You will note that our ballpark valuations do not include specific dollar values. We are professional appraisers, thus it is unfair and unethical for us to give out dollar valuations at no charge when we charge others for this information. We offer these ballpark valuations in order to give you some idea of the general value of your item, but for us to give an actual dollar value, we must charge either for a “Professional Opinion of Value” or an appraisal. This is further explained on our appraisal page.
If your print or map has what we call “decorative value,” this means that you could sell it for whatever someone would pay to hang something that looks like it does on his/her wall. How much that would be depends on what the item looks like, considering factors such as decorative appeal, color, size, condition, frame, and so forth. This value varies by location, but you can get an idea by visiting local flea markets or auctions.

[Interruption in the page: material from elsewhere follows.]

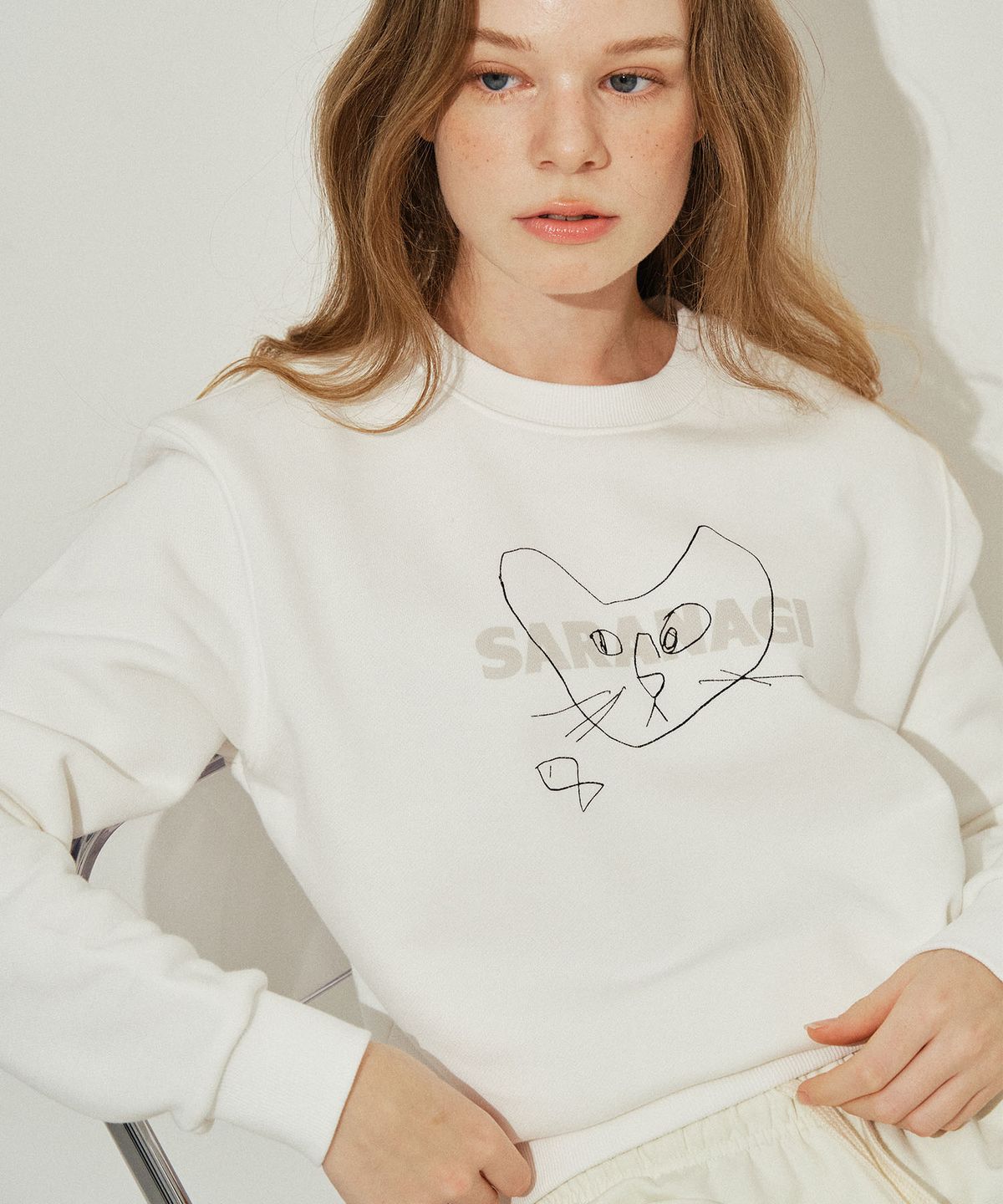사라나기(SARANAGI) SE05811- crop sweatshirt (ivory)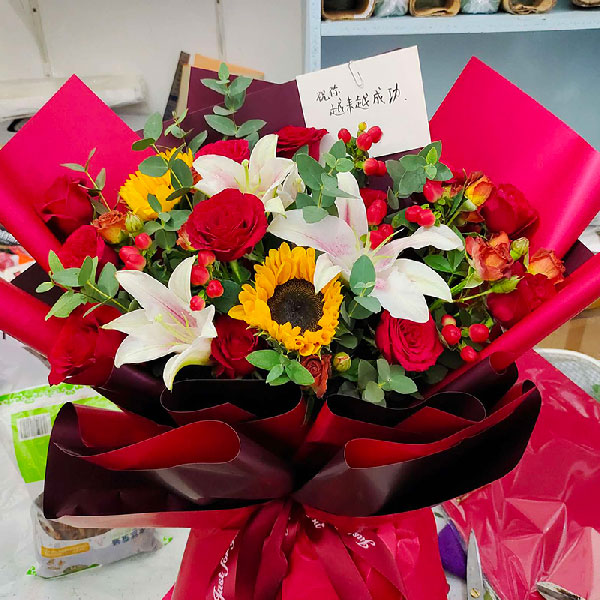 送西双版纳傣族自治州景洪市曼城E17栋的鲜花实拍图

These items are generally not worth the cost of appraisal or restoration. If you like its appearance, enjoy it, but do not worry about its value. You can read more about decorative prints on Chris Lane’s Antique Prints Blog.
These are items which have some intrinsic value, but where it is not easy to realize that value through a sale. The value of these prints comes from their age, decorative appeal, history, scarcity or some other factor. However, for various reasons, it is very hard to sell these items for their “true” intrinsic value.

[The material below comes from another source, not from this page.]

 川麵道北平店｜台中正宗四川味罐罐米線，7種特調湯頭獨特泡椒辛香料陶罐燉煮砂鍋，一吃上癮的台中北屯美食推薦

Some of the reasons such items are hard to sell include:
- They are out of style
- They are obscure so few buyers know about them
- They appeal to only a very small number of potential buyers
- They are in poor condition.
We carry quite a number of prints and maps like this; they are the sort of item which we are likely to have in our inventory for many years before finding the right buyer. These can be very nice, with considerable value, but until the right person comes along, they simply sit in our shop.
Such prints and maps are worth restoring and framing properly, and sometimes they can be worth appraising. However, in most cases you would still have difficulty in realizing the full value of this item if you wished to sell it. You can try an auction, but the item may not sell for much, and if you offer the item to a dealer, that dealer will have to build into his/her offer the fact that he/she might have the item in stock for many years. You will best realize the value of this item by keeping it and enjoying it, or by giving it to someone who will appreciate it, or by just holding onto it until you run across someone who is willing to buy it for its true value.
If a print or map has moderate value, this means that it is worth taking care of and enjoying, but also that you are unlikely to realize a very significant amount if you went to sell it. Generally such prints are worth restoring if you like them and want to keep them, but are not worth spending the money on to restore them if you plan to sell them, as you are unlikely to realize that amount of gain in the sale price. Generally such prints are also not worth having appraised unless you have a particular reason for needing such a specific value.
A print or map of significant value is one which you might want to consider selling or having an appraisal of it done.
If the item has condition problems or if it has been framed for more than about 10 years, it will probably need conservation and it almost certainly will need to be refit with archival framing materials. Our general advice to those who own prints such as this, where conservation or reframing is needed, is that if you are not willing to have this work done, you should seriously consider selling the item. Any old print or map that has condition problems or is framed improperly will almost certainly eventually fall apart and lose whatever value it has. That would be a shame for any item within this category.
There are quite a number of factors that determine the value of Currier & Ives prints, the most significant being, in order of importance: size, subject, and condition.
- Small folio: prints range from about $75 to $3,000
- Medium folio: prints range from about $150 to $5,000
- Large folio: prints range from about $400 to $60,000
- Lowest value: name prints, children, religious, memorials
- Middle value: foreign views, genre, historical, fruit & flowers
- Highest value: winter scenes, American views, sporting, western, trains
- Condition: important factors include
- Color and quality of impression
- Tears/holes, especially into the image
- Width of margins (though we think this is over-emphasized by many collectors)
A reproduction is a print copied photomechanically from an original painting, print or map. For further information on what this means, please visit our essay on “What Is A Print?”
Reproductions in general have only decorative value, and that at the lower end of the range. If your reproduction is in good shape and is attractive, someone may pay you something for it, but only whatever he/she would pay to put an attractive image on the wall..
Reproductions almost never have any intrinsic value. There are two main reasons for this: 1) the image was made photomechanically, without hand work and 2) more reproductions that are just as good can be made at any time, so there is no scarcity value.
Reproductions are rarely worth having appraised or restored. If you like its appearance, enjoy it, but do not worry about its value.